Well, as a Beta I could get away with fucking murder. If it was the right one.

Seth didn't understand; he couldn't see. He couldn't bring to his forefront thoughts how evil these things were. Yes, when he and Cullen had both fought together against the invaders, they had been a remarkable team, a bond forged then stronger than perhaps any wolf-leech bond before, as comrades in battle and perhaps even friends. That thought enraged me. Cullen wasn't allowed to get near any member of my pack except me! And that was only so that I could rip his fucking throat out and burn it, then shove the ash into his system, tear off each individual limb and appendage until he was nothing more than a torso and head, having made him eat all of his body, and then burn the rest and listen to his dying screams of pain. Leeches couldn't pass out - it would be a very long, very satisfying kill.

And he knew I wanted to do this to him…He knew that I wanted to completely destroy him…To rob him of everything he knew and cherished and cared about until all that was left was agony, and Me. He knew this and yet he still tried to goad me on, to make me be a part of his life and that of Bella's.
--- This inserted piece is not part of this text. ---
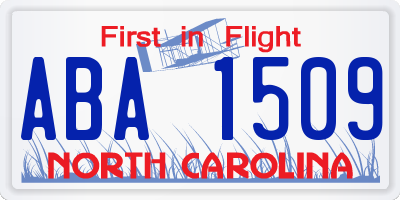 NC license plate ABA1509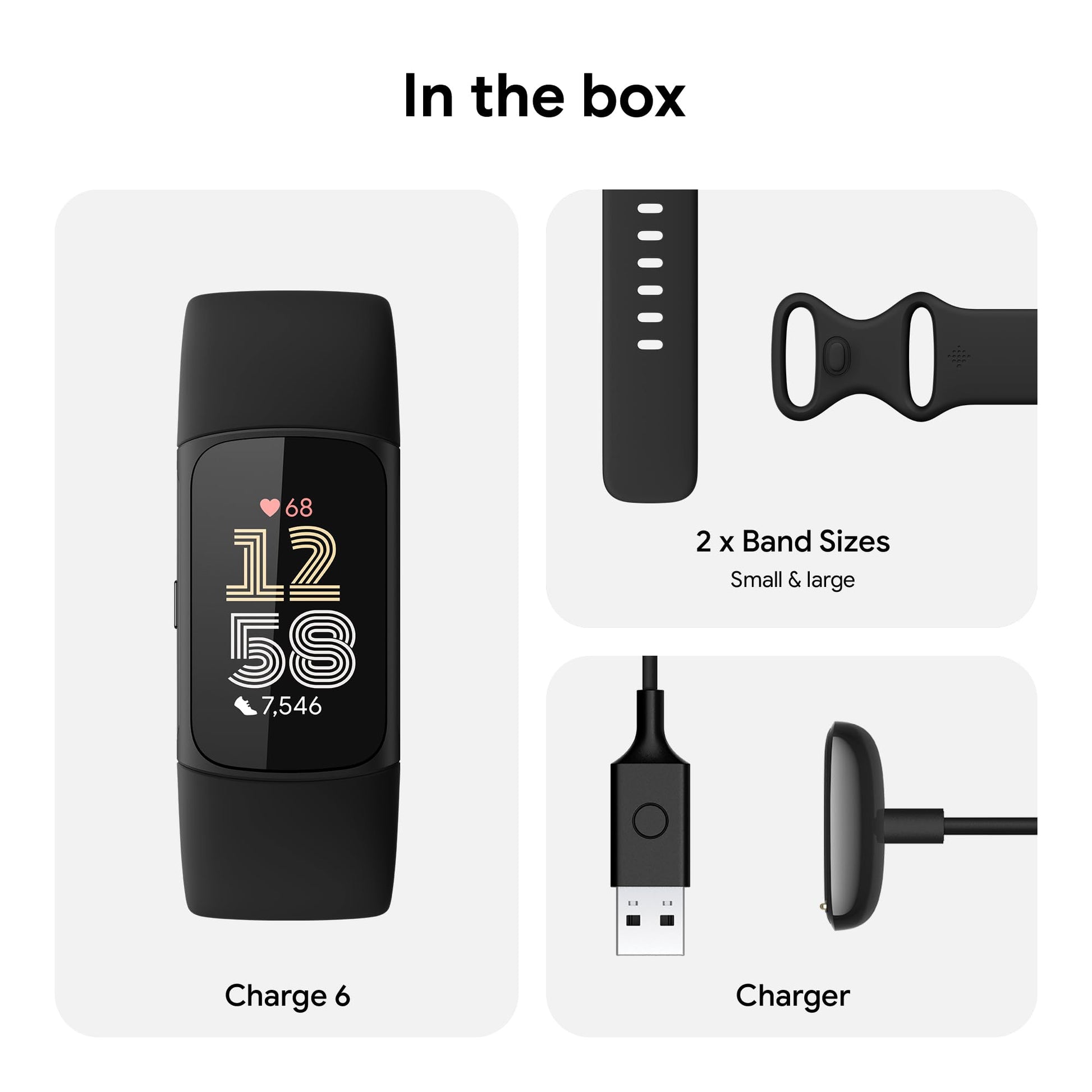 Fitbit Charge 6 Fitness Tracker with Google apps, Heart Rate on Exercise Equipment, 6-Months Premium Membership Included, GPS, Health Tools and More, Obsidian/Black, One Size (S & L Bands Included) - My Store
What the fuck was he playing at?

I had been running for some amount of time - you know, the amount of time where you've kinda lost track of it, but all you know is you're dying for a drink, your feet hurt and you've got a killer headache from being in the sun too long - before I hit water. I only knew I was moving Southwards…cause my life was heading straight south. When did I become such a symbolist douche?

Probably around the time I started carving that little wolf effigy for Bella. That thing had taken freaking ages, and my nails would never be the same again…and yet, thinking back on it…I knew it hadn't ever been for her. No…I had wanted to see his reaction to it; a claim I had taken over her. His reaction had been…well, I had both anticipated it and been surprised by it. Not only had he not destroyed it, sent it back or even shown the slightest inclination of noticing it, but he had actually tried to make it a sort of…shared sentiment, by adding his own charm to it. Staking his own claim, but only half the claim on the woman he loved. The woman I loved. Of course…that was all he was entitled to, wasn't he? I had been there first, after all. I had known Bella from childhood, where he was still a nice paedophilic age to be lurking around high schools and checking out teenaged girls. Of course, I knew this wasn't true, but I think I'm entitled to my prejudices, just as he is allowed to have his.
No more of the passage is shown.